Antonio Olyntho Marques da Rocha, nasceu em Ubá, Minas Gerais, a 10 de maio de 1919. Poeta, romancista, ensaísta e crítico literário, além de professor de Letras, foi 0 quinto ocupante da cadeira 8 da Academia Brasileira de Letras (ABL), eleito em 1997. Vinculado à Geração de 45, foi traduzido em mais de 35 idiomas, sendo reconhecido internacionalmente. Também aprofundou-se em literaturas africanas, apresentando em suas obras traços da cultura negra. Na Bahia, foi escolhido, juntamente com Jorge Amado, para ser Obá de Xangô, no candomblé do Ilê Axé Opô Afonjá.
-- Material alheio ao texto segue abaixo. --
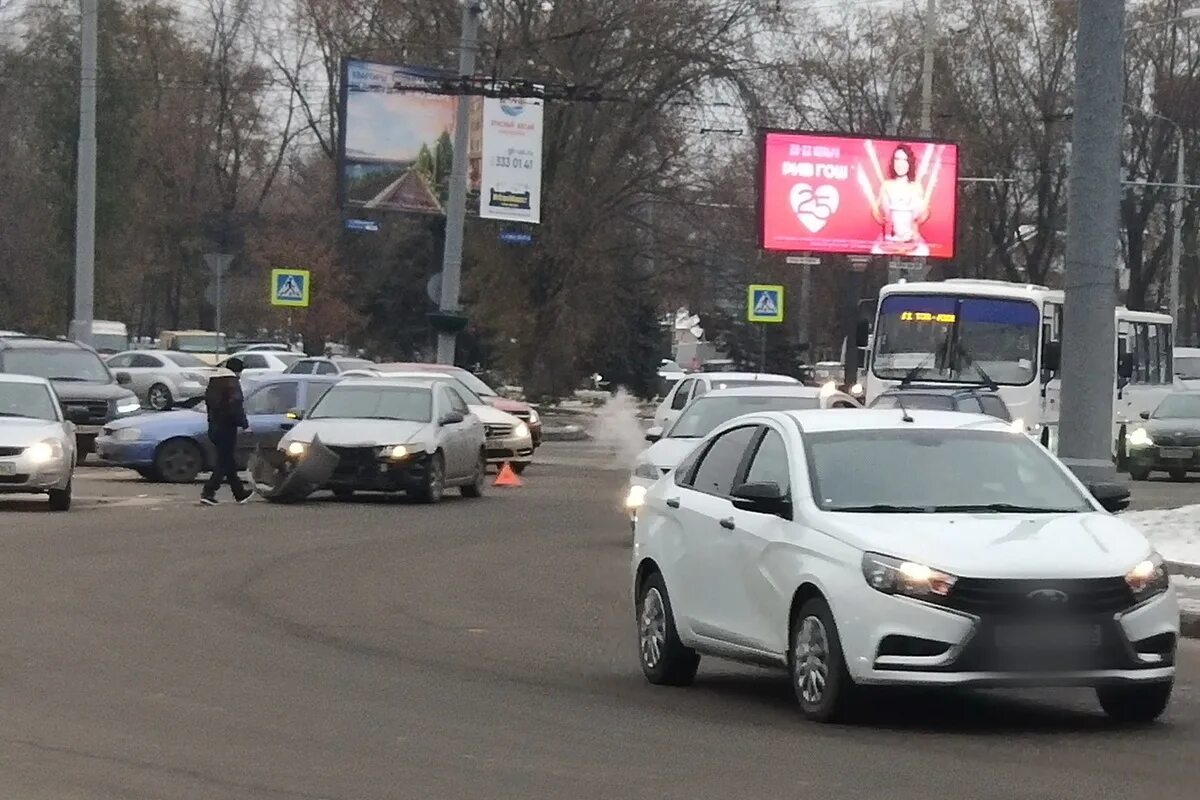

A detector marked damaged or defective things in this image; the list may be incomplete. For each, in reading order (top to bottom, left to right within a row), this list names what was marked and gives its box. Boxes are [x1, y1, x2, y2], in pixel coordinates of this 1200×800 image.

damaged white car [254, 379, 487, 503]
detached bumper on road [840, 585, 1176, 686]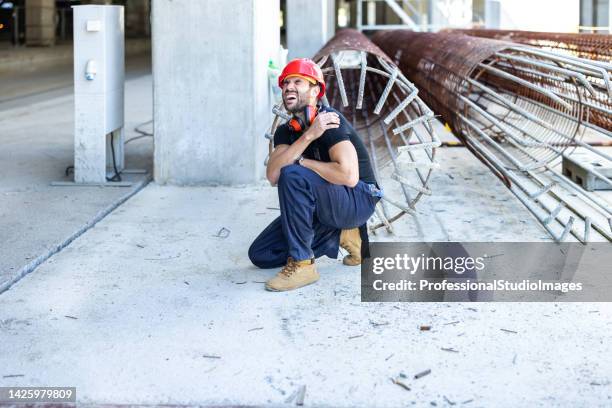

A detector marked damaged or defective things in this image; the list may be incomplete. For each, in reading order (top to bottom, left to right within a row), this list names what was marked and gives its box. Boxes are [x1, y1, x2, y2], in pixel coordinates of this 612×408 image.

rusty steel reinforcement bar [264, 28, 440, 233]
rusty steel reinforcement bar [372, 31, 612, 242]
rusty steel reinforcement bar [444, 29, 612, 63]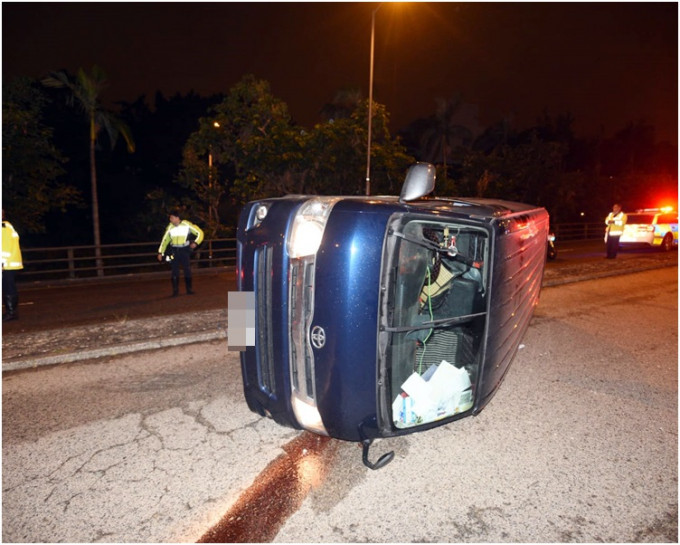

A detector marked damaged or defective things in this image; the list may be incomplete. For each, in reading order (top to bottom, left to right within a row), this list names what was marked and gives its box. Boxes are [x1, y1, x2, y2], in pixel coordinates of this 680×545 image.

overturned blue van [236, 163, 548, 468]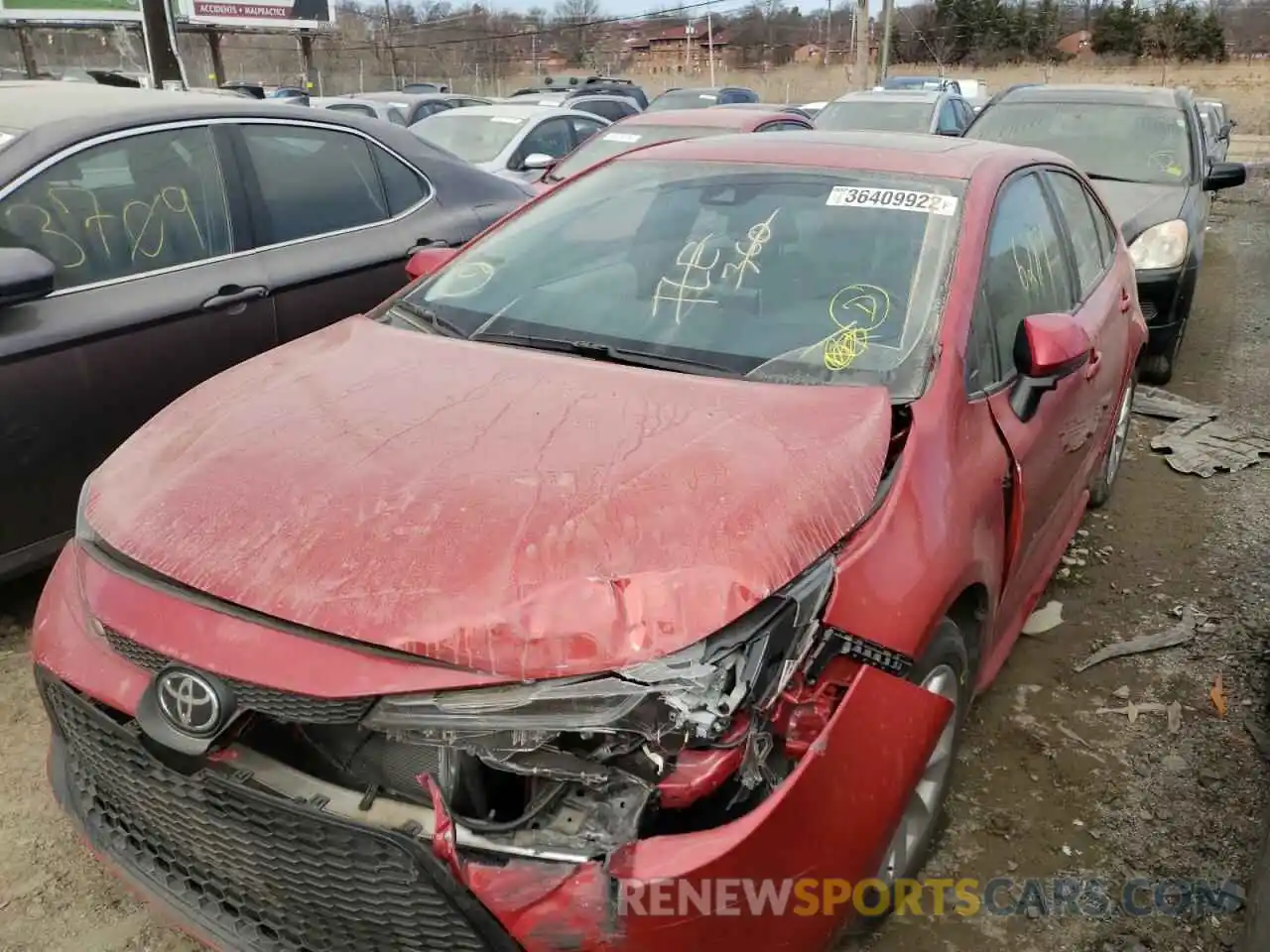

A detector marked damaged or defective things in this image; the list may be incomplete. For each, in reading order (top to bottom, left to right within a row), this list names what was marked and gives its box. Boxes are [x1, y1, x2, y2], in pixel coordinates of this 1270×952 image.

crumpled front bumper [32, 542, 954, 952]
red damaged sedan [30, 130, 1148, 949]
broken headlight [360, 558, 832, 751]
Faleceu no dia 12 de setembro de 2009, no Rio de Janeiro.
As palavras chegam
As palavras chegam
uma a uma
um tanto sem jeito
como num experimento
serão as certas
para o momento?
Vêm junto ansiosas
e barulhentas
meio sem rumo
até que uma sílaba
tropece em consoantes
e o verso destoe de si mesmo
e o poema sofra e caia
ou surja um grito tal modo severo
que abra um novo caminho
enquanto uma linha inteira
já completa em vogais
busca o ritmo necessário
para dizer ao mar que exista
indelevelmente
E o vento passe
pela face do morro
eternamente
enquanto o poema
de nugas não trate
espera que as letras
juntem-se claras
num longo e excruciante gozo
de duras frases rompendo o expectante silêncio
no rumo do orgasmo ínsito nas palavras
e da lucidez recuperada enfim
no poema chegando ao ápice do grito.
Enquanto o poema espera
O grito joga as palavras
de volta contra o poema
e toda a paisagem se esfacela
na busca de nova consistência
capaz de pegar cada imagem
em sua pureza tersa
e dizer as coisas necessárias
Do amor primeiro
nunca descoberto e nunca morto
sempre ali
na garganta
no gasnete
que é onde a palavra se faz e de desfaz
enquanto o poema espera
que o corpo se recupere
E aguente segurar o ímpeto
que lhe vem de dentro
e deixe que a entrega emocionada
e limpa
de si mesmo
aceite a explosão
das palavras agora revoltadas
entrando pelas veias
correndo pelo sangue
para exigir a vassalagem que lhes é devida.
Faço-me palavra
Ave Palavra,
faço de meu corpo uma árvore em que pouses
faço-me palavra eu também
divido-me nas sílabas necessárias
com timbales e cânticos
vestir-me-ei por inteiro de palavras
que só existo quando através de ti.
Ave Palavra.
A paisagem
Nesse ínterim
esvaziam-se as palavras
inúteis
vindas na enxurrada
em queda no vazio
de listas e sinais.
Sem elas
desaparece o pleno sentido
some a justa aceitação
de morros e flores
de rios e mares
e ao longo da planície
as palavras renascem
para que delas saia de novo
a paisagem.
Então morreste
O sol batia na janela
quando vi teus olhos parados
dizendo-me coisas
que os lábios não mais podiam dizer
Então morreste.
Morreste devagarzinho,
aos pouquinhos,
mês após mês.
semana por semana,
dir-se-ia que hora após hora,
perdendo hoje um movimento,
outro amanhã
Morreste com muita delicadeza
e a leve sombra de um sorriso
como se pedisses desculpas.
*Poemas do livro “Ave Zora Ave Aurora”, 2006.